### Information supplied
============

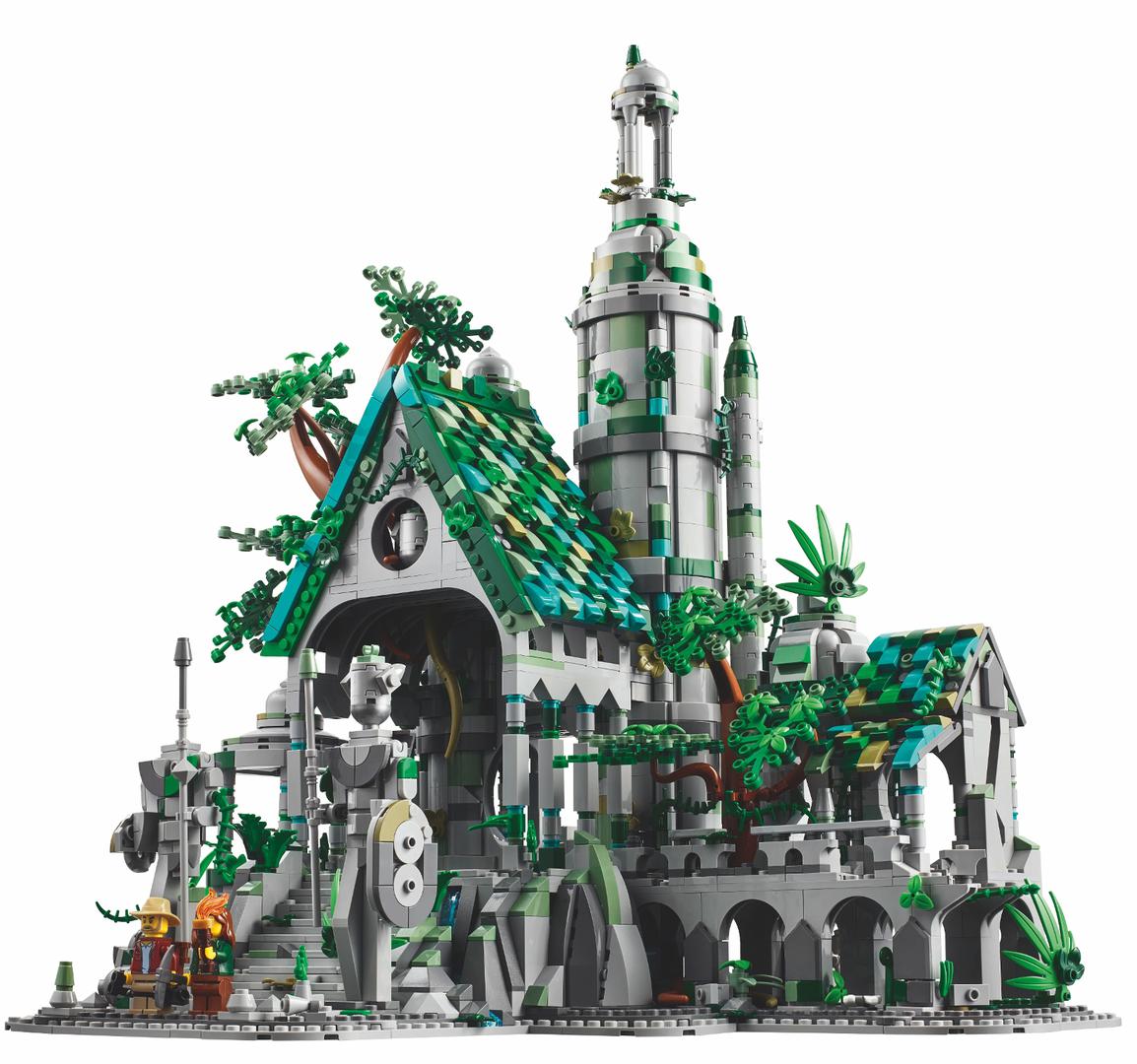 LEGO Lost City (910042-1)
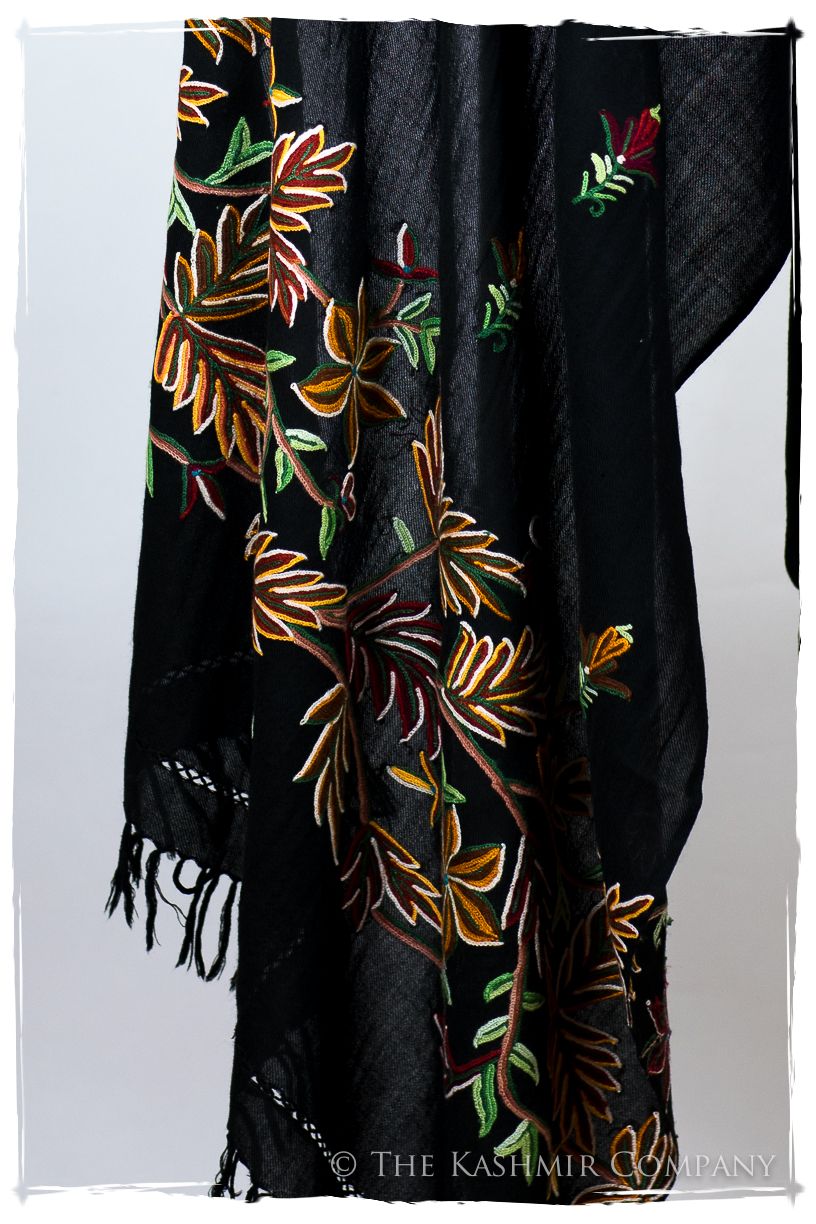 Angelinè Clairière Renoirs Dream Shawl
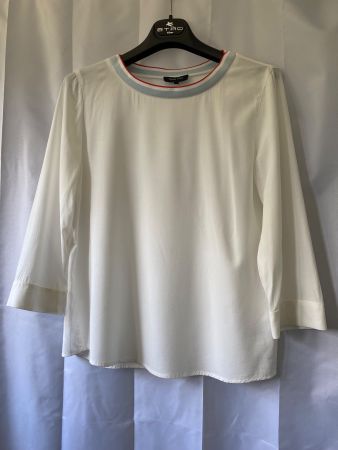 MARC O’POLO Schlupfbluse Viskose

============

### Directions
Extract only the lines from the line containing "Angelinè Clairière Renoirs Dream Shawl" through the final line of the listing above, unchanged; pictures stay out of the copy.

### Output of the task
 Angelinè Clairière Renoirs Dream Shawl
 MARC O’POLO Schlupfbluse Viskose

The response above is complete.